The new chief executive of Medtronic, the world’s largest medical device maker, vowed on Tuesday to revive the company’s growth by further expanding it internationally and improving its returns from research spending.

Omar Ishrak, who took over the company in June, said Medtronic remained committed to returning cash to shareholders and to exploring smaller acquisitions.

He also said he planned no major changes to the company’s diversified portfolio of medical devices except for the planned sale or spinoff of its external defibrillator business.

Mr. Ishrak’s comments, made on the company’s fiscal first-quarter conference call, gave the first glimpse of his strategy since he took over.

The company reported quarterly results that met analysts’ estimates. Net income in its fiscal first quarter, which ended July 29, was $821 million, compared with $830 million during the same period a year ago. Revenue in the quarter rose to $4.05 billion, 7.3 percent higher than the same period a year earlier. Analysts had expected $3.98 billion.

Medtronic shares rose 6.2 percent to close at $33.10, reflecting relief the results were better than some had feared and optimism that Mr. Ishrak, a former executive at General Electric, had struck the right note on Tuesday.

“From the point of view of setting the stage, I think he did a pretty good job,” said Jan Wald, an analyst at Morgan Keegan & Company.

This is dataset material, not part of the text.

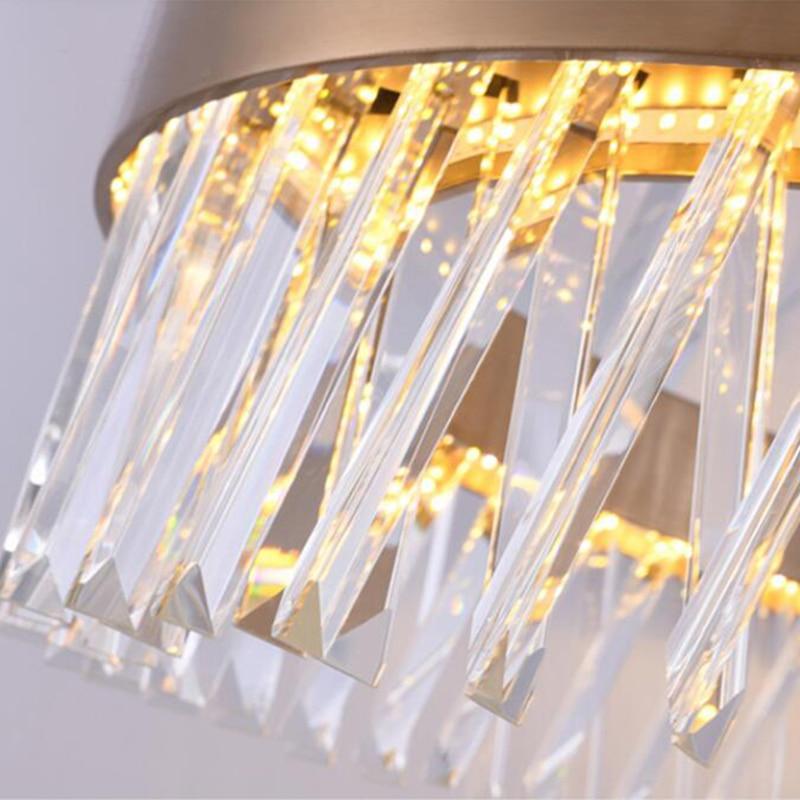 Kevin Arsen Oval Crystal Chandelier Chandeliers Kevinstudiolives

“He came across as sort of a tough guy, one who is going to be relentless in his pursuit of data and execution,” he said.

Medtronic is struggling with weak demand and pricing in its important markets for heart defibrillators and spine products.

In part, the slow demand is the result of a weak economy. But a study suggesting that heart devices are improperly used in patients who are too sick for them, and accusations in a medical journal that researchers hid serious complications with the company’s Infuse bone growth product, have also slowed sales.

Mr. Ishrak said the fallout from those problems would persist.